• _What the task requires_
Take the line that contains "Silhouette of someone" and each one after it through the last line below, and retype them exactly. Leave out the pictures.

Short descriptive text snippets:
+ + +
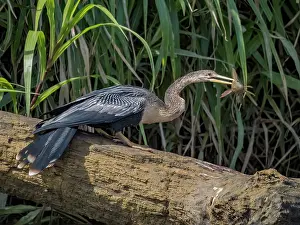San Carlos River Prints: Anhinga (Anhinga anhinga) with a Suckermouth Catfish (Hypostomus plecostomus) as prey on the San Carlos River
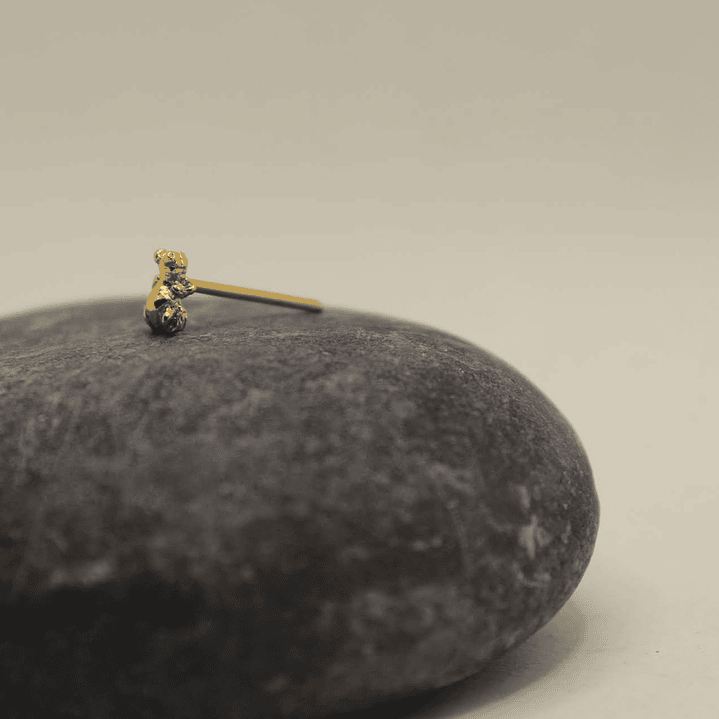 Mini Rana Dorada Bronce 4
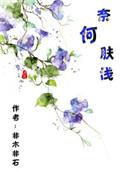 奈何肤浅讲什么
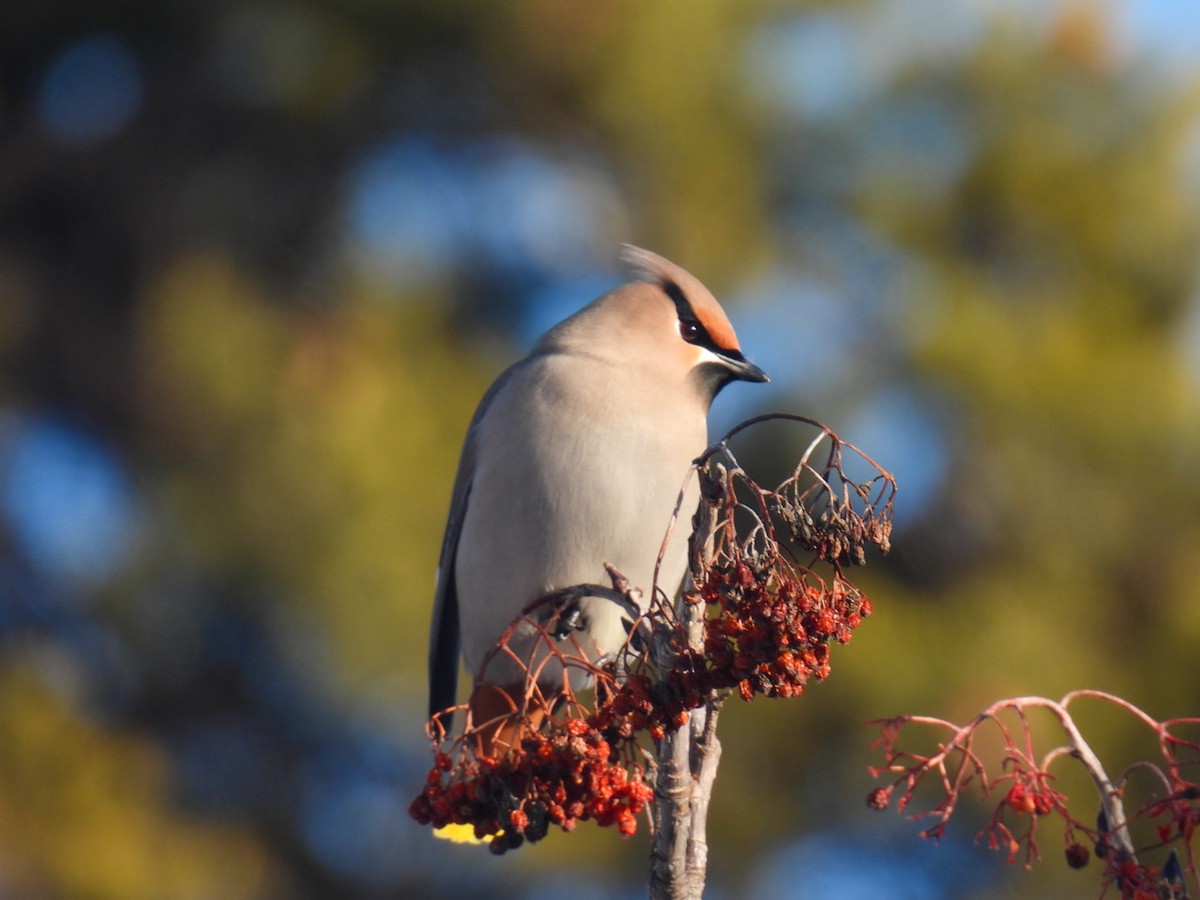 Bohemian Waxwing - ML647304473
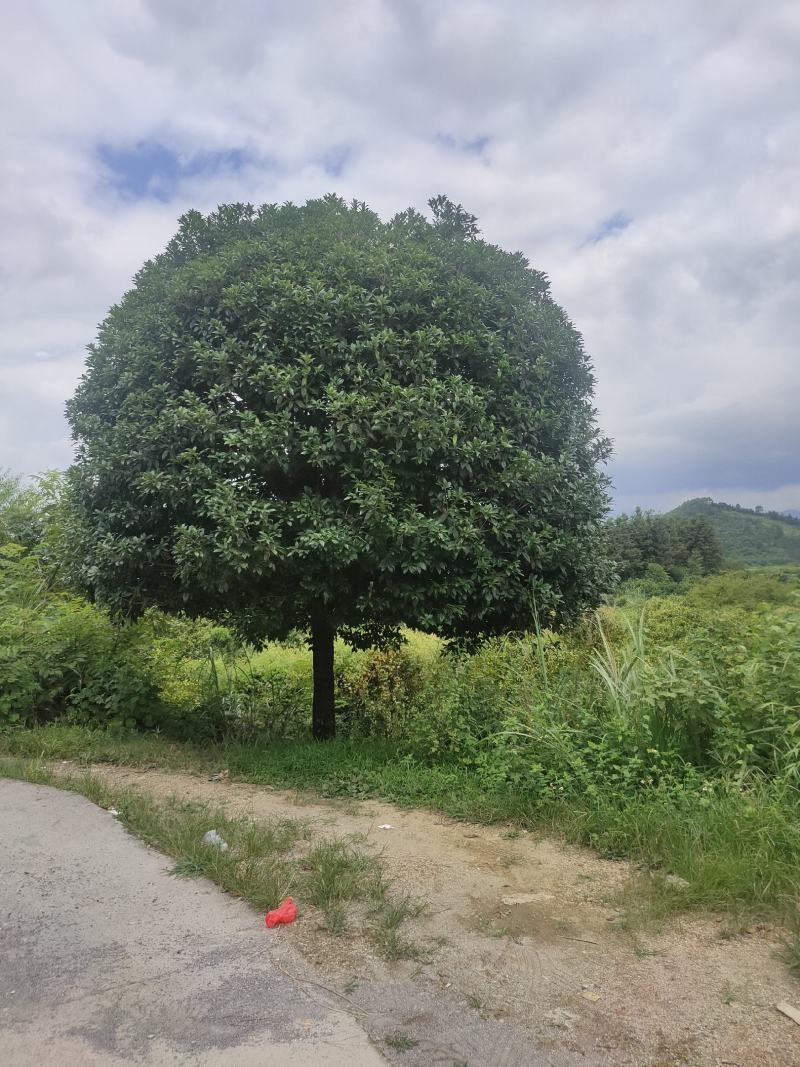 桂林树，红枫，香樟，各种苗圃，货源充足各种规格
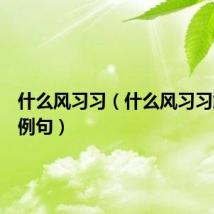 什么风习习（什么风习习解释及例句）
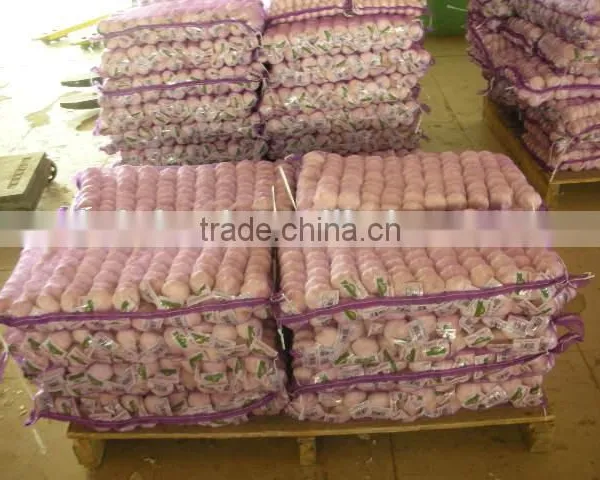 Shandong Garlic photo-5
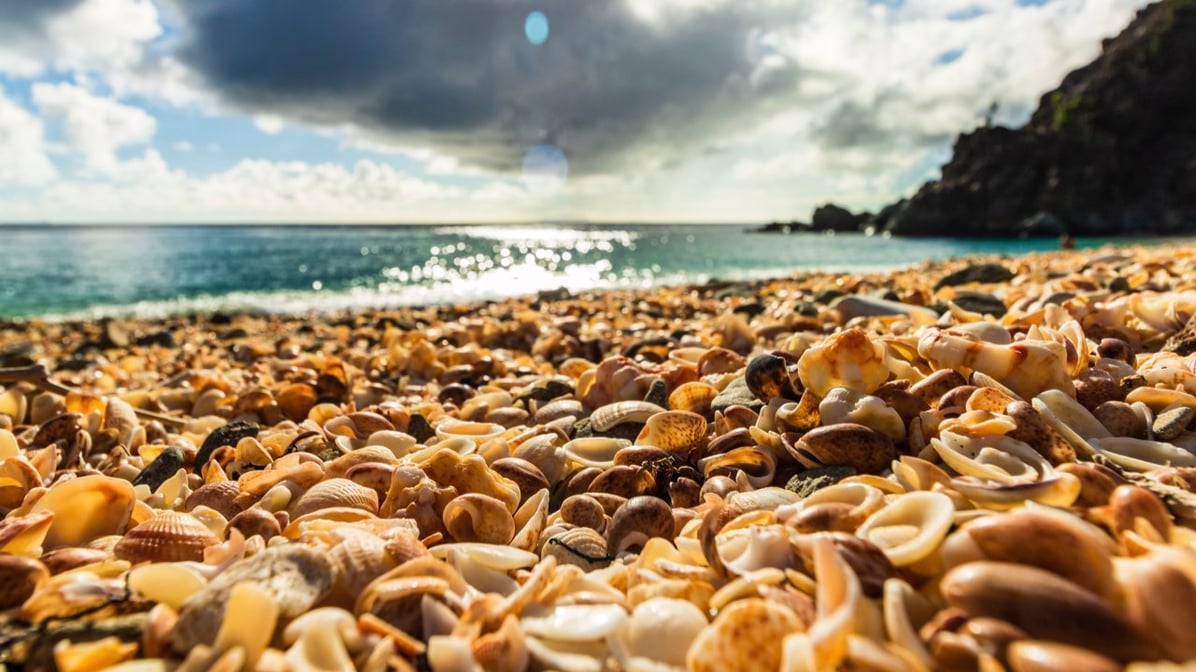 Gustavia Shells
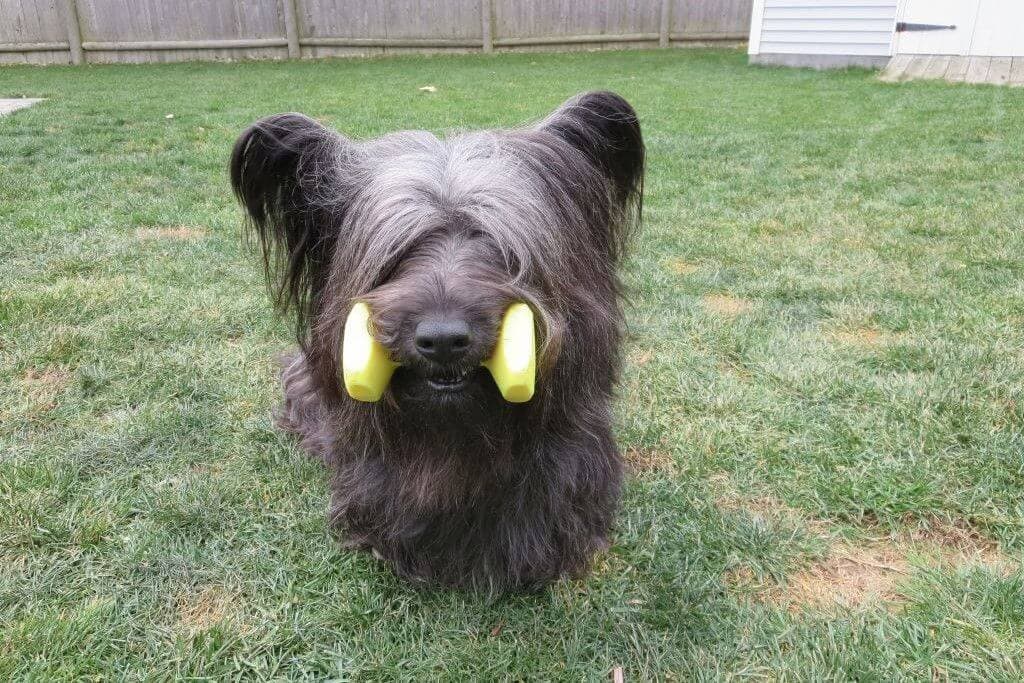 Skye Terrier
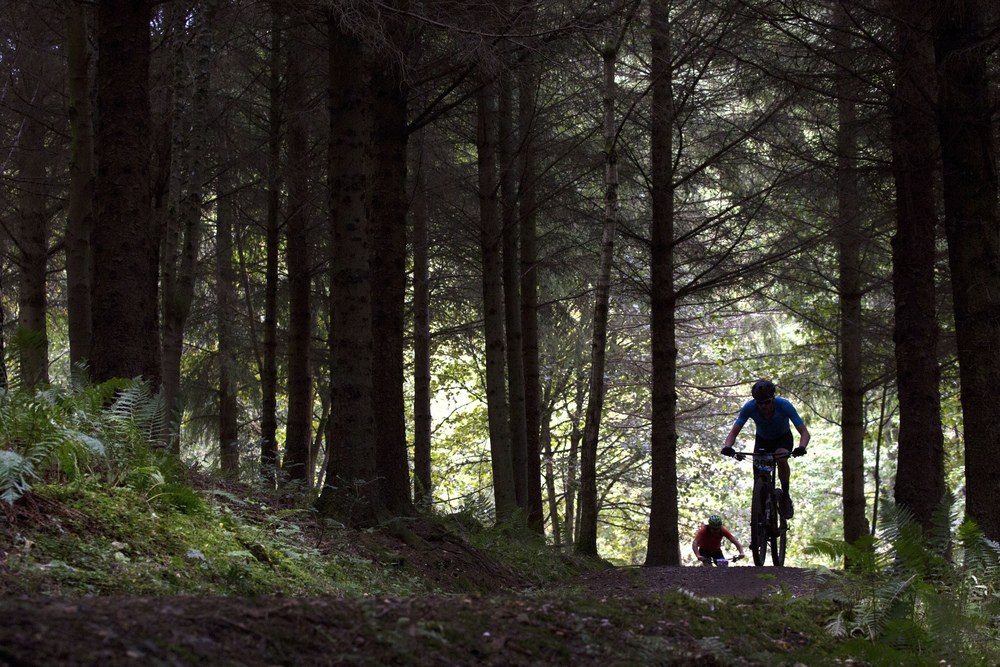 Silhouette of someone cycling mountain bike through Cardrona Forest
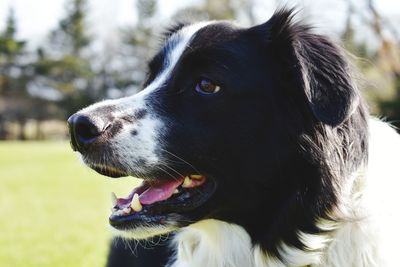 Close-up of dog looking away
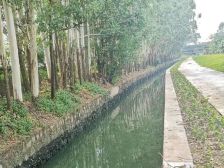 水润江城④|螺涌水：清淤活水，重现清水绿岸好风光
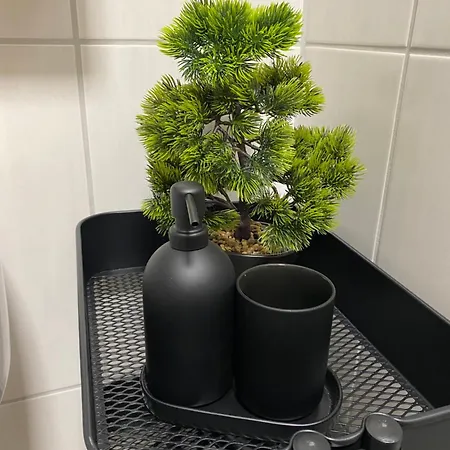 Kilz Ii In 公寓 Gensingen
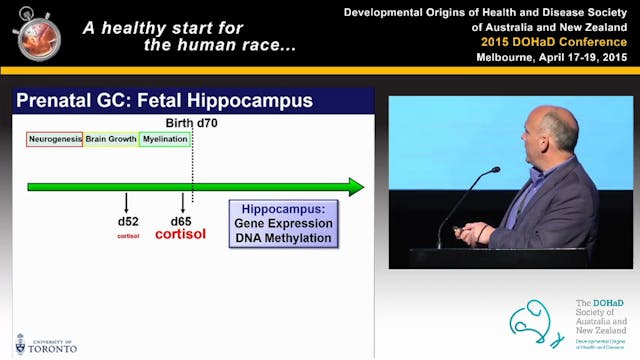 Early life programming of stress resp...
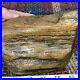 Large_Piece_Of_Perfectly_Preserved_Agatized_Wood_Multi_Colored_Dense_01_lh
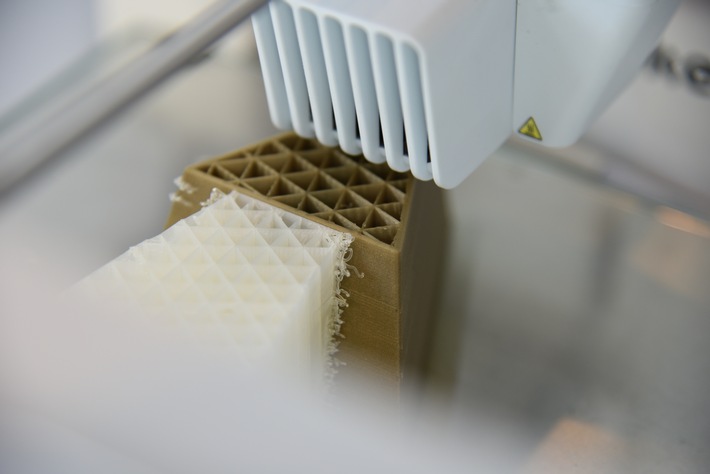 Werbewoche-Award im 3D-Druck: Egon in der dritten Dimension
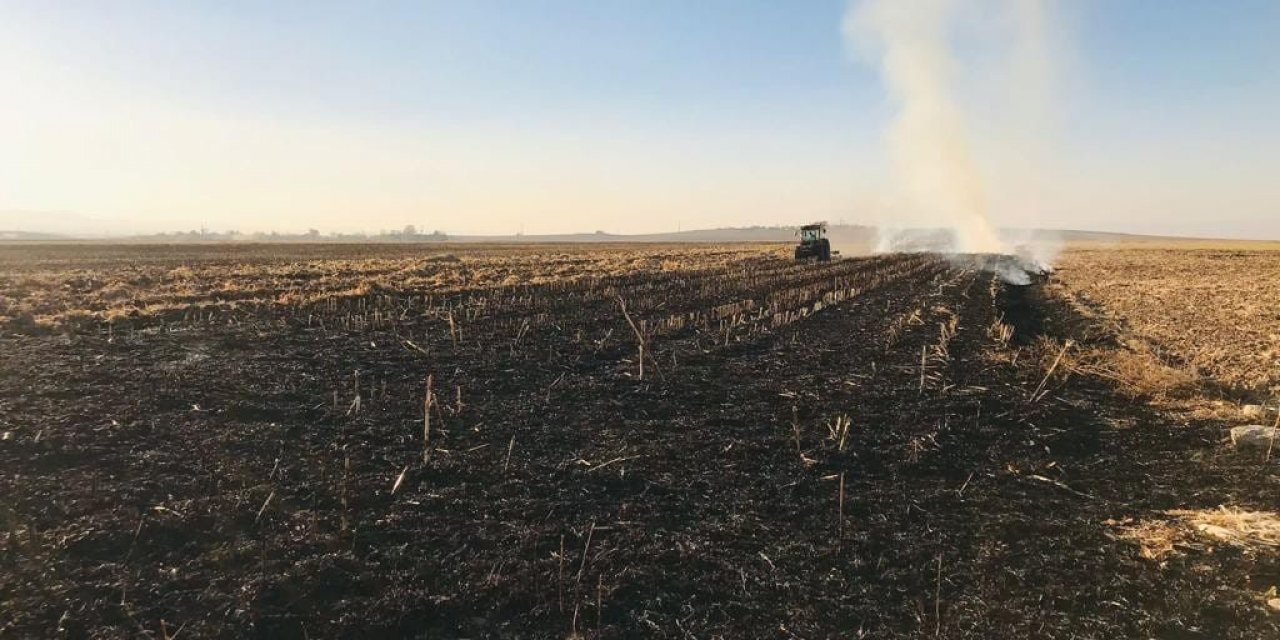 Mısır tarlasında anız yakan şahsa yasal işlem uygulandı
+ + +
• _Response for this exercise_
 Silhouette of someone cycling mountain bike through Cardrona Forest
 Close-up of dog looking away
 水润江城④|螺涌水：清淤活水，重现清水绿岸好风光
 Kilz Ii In 公寓 Gensingen
 Early life programming of stress resp...
 Large_Piece_Of_Perfectly_Preserved_Agatized_Wood_Multi_Colored_Dense_01_lh
 Werbewoche-Award im 3D-Druck: Egon in der dritten Dimension
 Mısır tarlasında anız yakan şahsa yasal işlem uygulandı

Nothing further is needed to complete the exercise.